Mechanical aptitude is the “It Factor” that can boost a career in Aviation Maintenance
After more than 20 years in the aviation maintenance industry, Mason Houk knows the key ingredient that gives new hires a distinctive edge: Hands-on experience.
“You’re either good with mechanical devices or you’re not,” he says of new A&P (Airframe and Power Plant) Aviation Maintenance Technology recruits at SkyWest Airlines in Fresno, where he is in charge of new hires. “Even if you grew up working on cars, lawnmowers or tractors, it transfers over. If you were always putting computers together, that translates into viable hands-on experience – especially in avionics; it’s all computers.”
That hand-eye coordination is deep-seated muscle memory, a comfort and familiarity that make shorter work of any mechanical learning curve. But it doesn’t have to be a show-stopper.
“We’ve seen some really smart, straight A types who come in that never had to work with their hands,” says Mason. “It’s not that they can’t do it, but we’ve seen some of them really struggle in the beginning.”
When he is evaluating a new aircraft mechanic, the true test happens soon enough. “We just have to get them out there on the floor and watch them start turning wrenches.”
Mason never thought growing up on a working farm would one day benefit his future career choice. Most of his mechanical aptitude came from repairing motorcycles and 4-wheelers that transferred to tractors, planters and other forever breaking-down farm equipment. “We were pretty self-sufficient,” says Mason. “If you could do it, you were going to do it.” Fortunately, for Mason, he liked it.
After high school, he went to college for a year but didn’t feel connected to the sedentary life of classroom studies. It was his dad Randall who triggered his interest in a career that would allow him to do what he loved…. with a bonus.
“Dad is the one who said I should look into aviation,” says Mason. “He said I could at least travel the world while I did what I liked doing.”
Mason checked out SJVC’s Aviation Maintenance Technology program located at the campus on the Fresno-Yosemite International airport. It was a good fit for him. He enrolled the same day he toured the campus.
“The people that come into this industry learn by touching and doing; they don’t learn by sitting, watching and reading,” he says. “It’s just a different learning style.” Although there is significant class time, Mason lived for those hours in the hangar. “You watch, read and learn to get to the part you love, which is putting into practice out in the hangar what was learned in the classroom.”
Mason had a job offer before he even graduated. Right after graduation, he took the exam for his A&P certification, which is issued by the Federal Aviation Administration. Earning it allows him to work on anything that flies. His first position was with West Air and then SkyWest Airlines.
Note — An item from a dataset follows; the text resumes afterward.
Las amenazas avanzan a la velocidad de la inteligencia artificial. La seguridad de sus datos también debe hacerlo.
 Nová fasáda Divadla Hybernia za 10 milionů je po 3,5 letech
He is still with SkyWest, and after many promotions, it is now his responsibility to recruit and train well-prepared A&P mechanics. A long-term resource for Mason and SkyWest has been San Joaquin Valley College’s Aviation Maintenance Technology program in Fresno. They work hand-in-hand to match qualified students to growth positions in the airline’s maintenance department.
Sue Montgomery, SJVC’s Director of Institutional Partnerships, works closely with Mason to place qualified Aviation Maintenance Technology students who are in their final six to eight months of the Fresno program, and who are interested and qualified, into SkyWest’s Apprenticeship program. “Mason coordinates the apprentice program and gets them introduced to what it is like to work for the world’s largest regional airline,” says Sue. Most of those students are invited to interview for SkyWest positions after graduation.
“SkyWest can become part of their dream career,” says Mason. “We are giving them a pathway to come to that front door.”
As a nationwide airline, SkyWest affords its aircraft mechanics a steady flow of opportunity. “Our airline is still growing, always adding airplanes,” says Mason. “We currently have about 475 aircraft. It’s a lot of maintenance that gets generated every single day.”
Mason is happy to tell those incoming student apprentices and all new-hires how well the job promotion system works at SkyWest. “I would have never thought in a million years that having an A&P would lead me to the kind of job function I have right now,” says Mason. “It’s just so far removed from where I started, just working on airplanes. Now I think about how I can make it easier for that person to go out and better repair that aircraft.”
It’s a good life.
Then there are the travel and other benefits Mason’s dad predicted all those years ago. His four 10-hour work days each week make the steady three-day weekend a plus, allowing him and his family to make the most of SKyWest’s travel perks. Mason’s wife Stacey and their three girls Hannah, Ella and Ava enjoy the many family-friendly benefits.
But Mason will probably never tell his dad how right he was. That’s just not the way it works between father and son. They will have to be content with just that deep sense of knowing.